Let's bring this down to the level of the individual -- any of us -- who reflects on his or her own values and makes serious personal commitments. This is the level at which any social change will have to begin. Hear the words of one young man, reflecting on his own and perhaps his generation's values and concerns. In an article in the Times last week, "Coming of Age, Seeking an Identity," Arlie Russell Hochshield interviewed Sandy de Lissovoy, a 29-year-old graphic designer in San Francisco. Mr. de Lissovoy said: "Today's hype is that 'You can get it if you really want it' -- a mate, career, and love still sells a lot of tickets. We're the Generation of Individual Choice. Which? Which? Which? But the bottom can fall out from some of those choices." That is, they turn out to be empty of value.

Mr. de Lissovoy's parents, we are told, divorced when he was an infant and now live on opposite coasts. He continued: "And in the end, we're orphans. We're supposed to take care of ourselves. That's our only choice."

Think of how quickly people are ushered in and out of hospitals these days -- often the same day -- in the name of efficiency, of course -- to be taken care of at home, if there's anybody at home to care.

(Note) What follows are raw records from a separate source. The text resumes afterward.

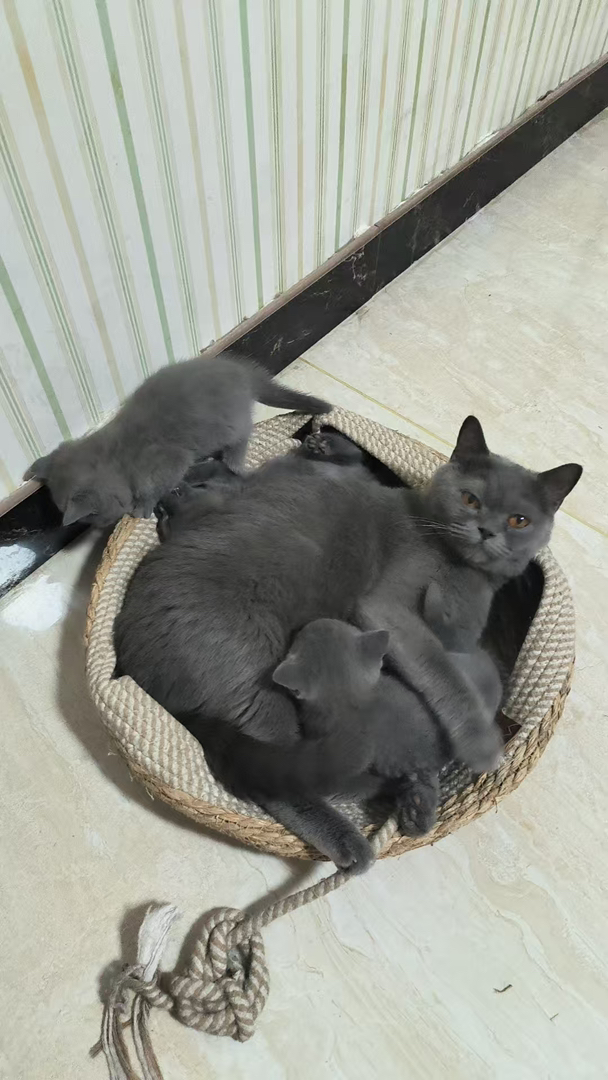 英国短毛猫，灰毛大眼超可爱，性格温柔好养的萌宠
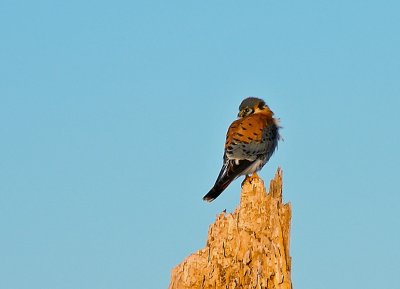 Kestrel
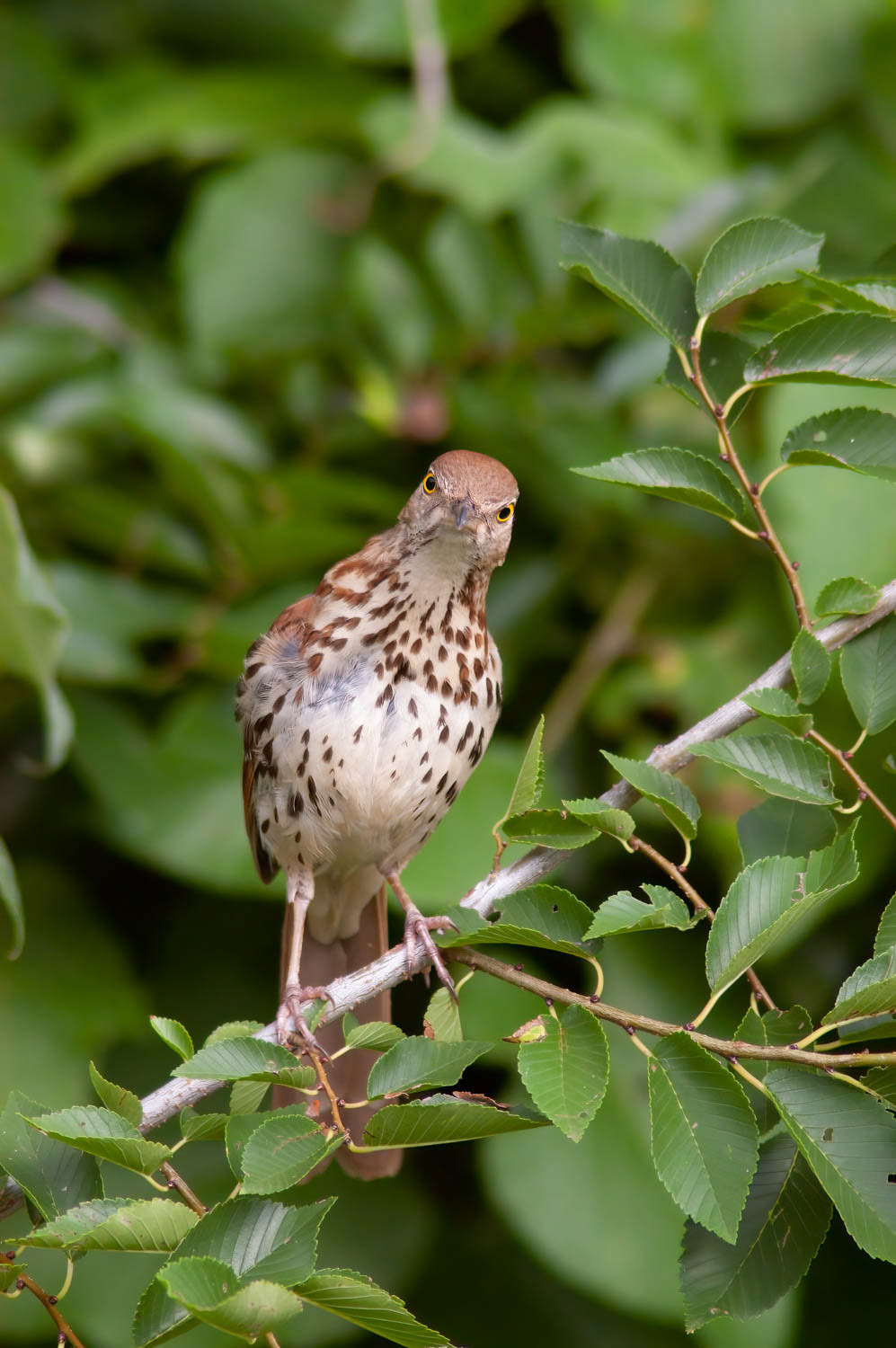Brown Thrasher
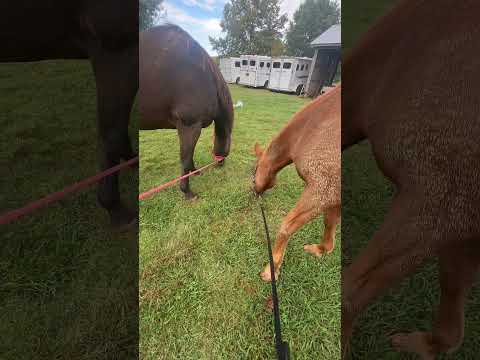 Fox & Diesel, D & Foxy Boy - the best of buds 🐴🫶#fox #diesel #foxyboy #horse #happyboys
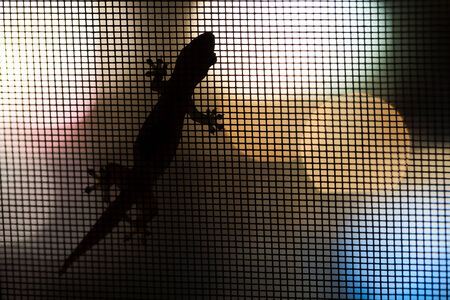 Lizards close on a mesh window at night.の写真素材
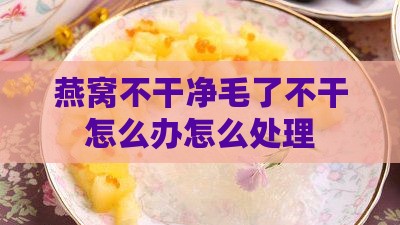 燕窝不干净毛了不干怎么办怎么处理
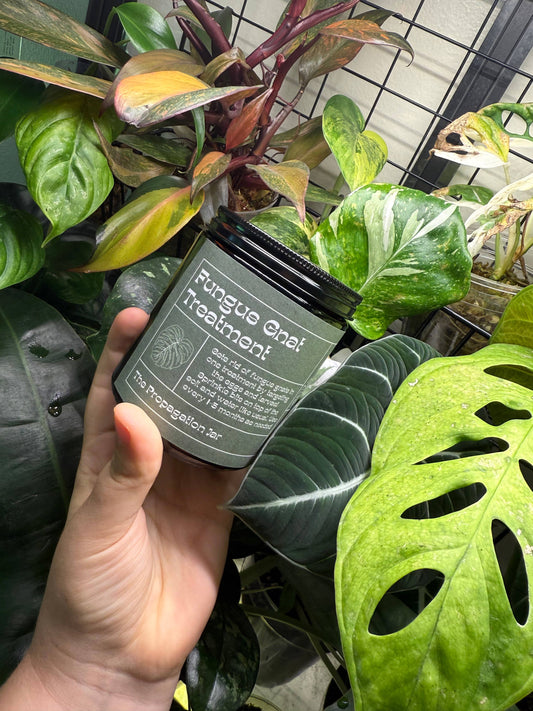 Fungus Gnat Treatment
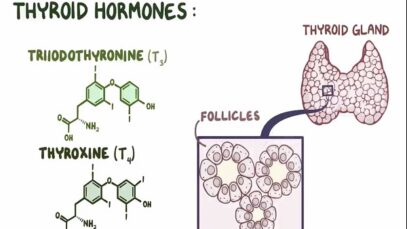 Hyperthyroidism treatment medications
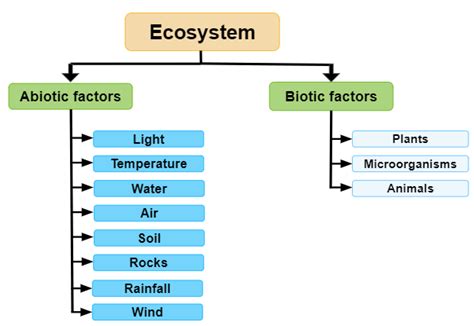 Components Of Ecosystem — Lesson Science Cbse Class 10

In the interview, he also commented on the protests at World Trade Organization meetings in Seattle, protests that horrified the champions of a globalized economy. He said, "I hated the mindless anarchists who broke shop windows. But the other protesters who went there to speak up against mega-corporations running the show, and for the family farm, local communities, monarch butterflies and sea turtles -- they are taking the long view of the planet. We usually think it's the older generation that wants to preserve the past, and it's the young who don't mind tearing things up. In Seattle, the young environmentalists had their eye on history, and it was the old who had an eye on their pocketbooks."

What does Sandy de Lissovoy value and long for? "What I don't like is disposability, hyper-speed, consumption. I'd like to reduce these. What I want more of is face-to-face interaction, a value on repair, families living nearby each other. I'd love to live in a multi-generational, multi-racial co-housing project. And a more leisurely pace of life. I want some pretty old-fashioned things" [N.Y. Times, March 8, 2000, p. H10].

I like this guy. He is definitely out of step with the temper of the times, and so will we be, the more seriously we take these questions -- at the personal level, yes, but also at the global level, where the decisions that shape our lives are being made. Or maybe he's just somewhat ahead of the curve, and his words seem to me prophetic of a shifting temper, the temper of a time now in the making, when new perceptions of what is worthwhile and what is real will come to the fore.

What is economic justice? As a fundamental criterion for human activity, and especially of economic development, John Cobb and Charles Birch propose "a just and sustainable world." In a sustainable world, production and consumption proceed with an eye to sustainable systems and renewable resources. In a just society, each member achieves individual fulfillment, and all members recognize the solidarity of sharing in one another's fate. A just and sustainable world is not an impossible ideal. It is founded on the recognition that the ecosystem and the social system in which we live are finally one, and like any living system, it requires of us a due regard for limits. Only we must become part of it, body and soul, seeking its healing and sharing its fate!


The sermon in a Unitarian Universalist setting is never the last word on any subject, but rather an invitation to further dialog.